Virtual Asset Service Providers (VASPs) — crypto exchanges, wallets, payment gateways — are treated as financial institutions for AML purposes under FATF guidance. In practice that means:
- Full KYC at onboarding, ongoing transaction monitoring, and SAR filing obligations
- FATF Travel Rule: transfers above $1,000 require sender name, originator account number, and recipient details to travel with the transaction
- Registration with FinCEN as a Money Services Business for US-based crypto businesses
- Licensing under EU MiCA (Markets in Crypto-Assets Regulation), in force since 2024, covering reserve requirements, consumer protection rules, and disclosure obligations for stablecoin issuers and crypto service providers
The practical challenge is that compliance must function across hundreds of assets and blockchains, each with different settlement finality and traceability. Building that from scratch is expensive and slow.
Plisio handles compliance at the gateway level, supporting 200+ cryptocurrencies while maintaining AML-compatible transaction monitoring and KYC-friendly merchant onboarding. For e-commerce businesses that want to accept crypto without building compliance infrastructure themselves, choosing a gateway that absorbs that regulatory complexity is the practical path.

How to Build a Payment Compliance Workflow
Compliance isn't a tool you switch on. It's a process that runs continuously, and it breaks down when treated as a one-time project.
- Scope your environment — Map every system that touches payment data: checkout pages, processors, databases, third-party integrations.
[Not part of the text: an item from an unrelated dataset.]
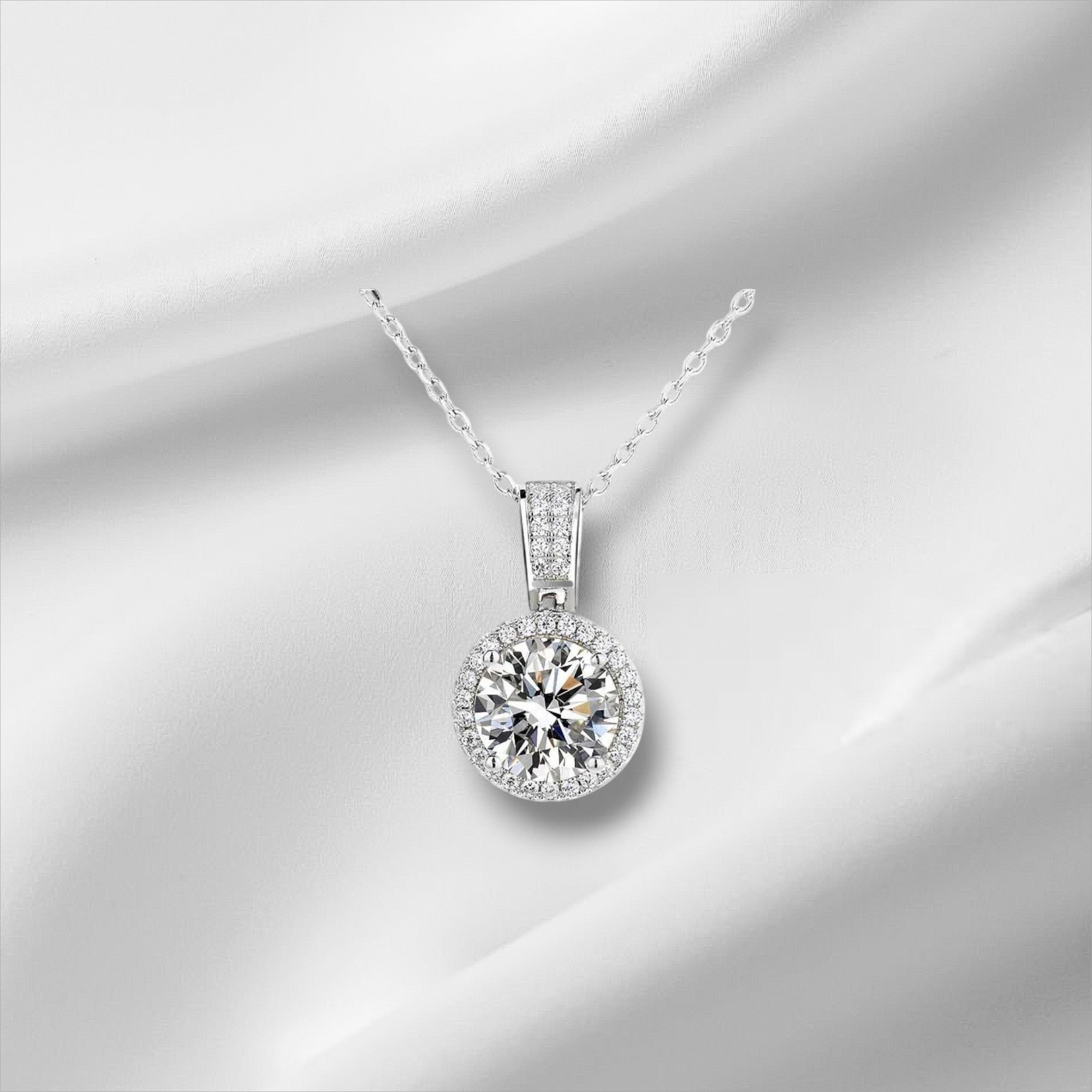 Bee-Bees Moissanite solitaire pendant necklace with round-cut center stone and halo, set in 18k gold-plated S925 sterling silver.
PCI DSS only covers what's in scope, and most breaches happen in corners that were never scoped.
- Conduct a compliance gap analysis — Measure current controls against PCI DSS, AML/KYC requirements, and GDPR (or CCPA). Write down what's missing, not just what's in place.
- Implement technical controls — Tokenization swaps card numbers for non-sensitive tokens; encryption covers data in transit and at rest. These two steps alone eliminate most PCI DSS scope.
- Set up transaction monitoring — Automated systems need to flag suspicious transactions in real time. Define alert rules, review queues, and escalation paths before going live, not after.
- Train staff — Social engineering and phishing cause more breaches than technical failures. PCI DSS 4.0 now requires targeted security awareness training; treat it as an actual control.
- Document everything — Policies, procedures, audit trails, incident response plans. Regulators want documentation as proof that you have intent and capability, not just functioning systems.
- Schedule regular audits — Annual PCI DSS assessments, quarterly network scans, and ongoing AML program reviews. Compliance drifts without active maintenance.
- Choose compliant payment partners — Your processor, gateway, and banking partners carry shared responsibility. A partner that handles PCI DSS at the infrastructure level cuts your scope dramatically.
Payments Compliance Best Practices for E-commerce
Once your payment compliance program is running, these practices keep it from quietly falling apart:
- Use a PCI DSS Level 1 certified gateway — offloads cardholder data handling to the provider, typically reducing your PCI DSS scope to a SAQ A
- Enable 3D Secure 2.0 — cuts fraud liability on card-not-present transactions and meets EU SCA requirements
- Tokenize everything — replace card numbers with tokens at the point of entry; raw cardholder data should never sit in your systems
- Deploy device fingerprinting and IP geolocation — builds fraud prevention signals from behavioral data without adding checkout friction
- Apply data minimization — under GDPR, collect only what you need, keep it only as long as required, delete it on schedule
- Verify merchants before enabling payments — on a marketplace or platform, onboarding compliance extends to sub-merchants too
- Maintain an incident response plan — GDPR requires breach notification to regulators within 72 hours; most US states require 30 days. An untested plan is just a document.